For how long did I follow the whisper of my name to find Pops peeking through the cracked door, one hand on the wall and the other pumping up and down at the center of his waist? He never once said anything, out of all the times I found him like this. He only ever looked at me as he hovered over the toilet, his pants never pulled down. The hole cut out of the crotch of his pants left out the need to ever need to. It was easier for him this way- as easy as it was premeditated.
The memories are jumbled. Pops lived only a town away. By car, it was a 10 minute drive. He had promised me ice cream and of course, Dubble Bubble. But I had to go with him. He told my mom we wouldn’t be long, and off we went. We only made it halfway when I could hear the huffs and grunts of what sounded like discomfort coming from his side of the vehicle. When I looked, his hand was resting on the front of his jeans.
“It’s okay, you can look.” He had said. “You can touch it, too, if you want.”

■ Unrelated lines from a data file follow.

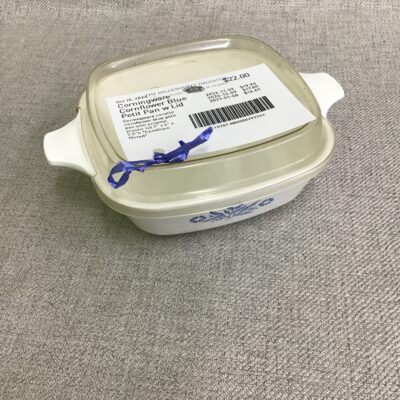 Corningware Cornflower Blue Petit Pan w Lid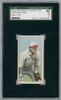 1910 T206 Neal Ball New York Piedmont 350 SGC 3 front of card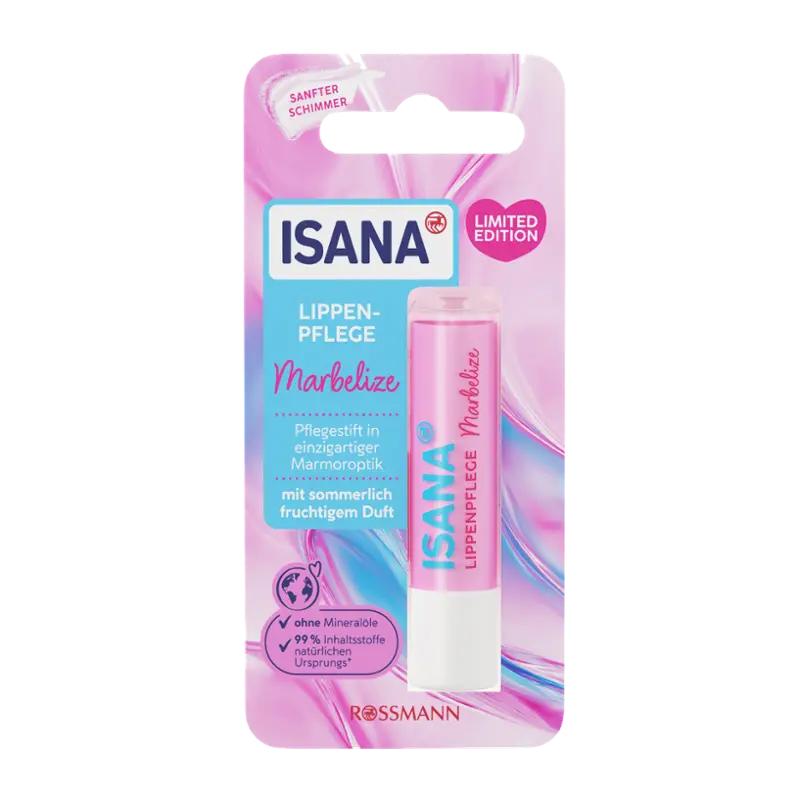 ISANA Balzám na rty Marbelize, 4.8 g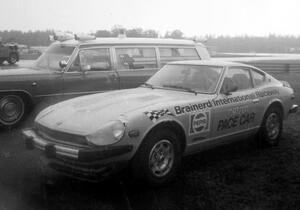 The Brainerd International Raceway Datsun 280Z pace car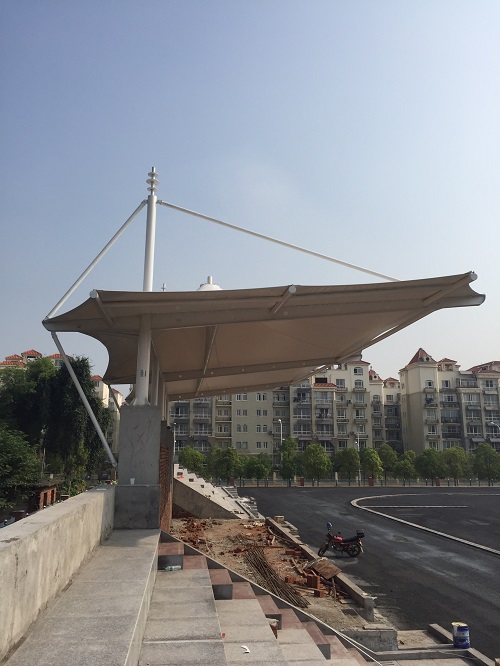 南宁看台膜结构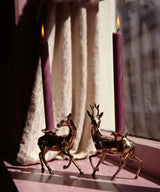 Lovely Deer Candle Holder Set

But that’s not the worst part. It’s been 2 months since I found grams letter, and in those 2 months only bits and pieces have come back to me. There’s still no memory of getting to his house that day. No memory of going inside, or for how long we stayed. I only remember Pops’ walking me downstairs. And before leaving I was holding the ice cream cone I was promised in my hands, watching in a daze as the frozen treat began to drip onto my tiny fingers.
I remember telling my mother what happened that night. She was in disbelief. Actual disbelief. She wasn’t mad at me. She didn’t even accuse me of lying. She just told me,
“oh, Gracie! He was talking about George! He wanted you to pet George!”
George was his dog- a weiner dog. I suppose that’s the first thing any mother would think, right? As far as I know, my mother never said anything to Pops. She didn’t want to upset him. But maybe a year after, he stopped coming around. Shortly after that, gram died. And for me, eventually and overtime, memories turned into black spots that ventured into the darkest parts of my subconscious. My mother never mentioned it again after night. But I would sometimes hear her crying. My mother was always good at hiding things. I became good at it too.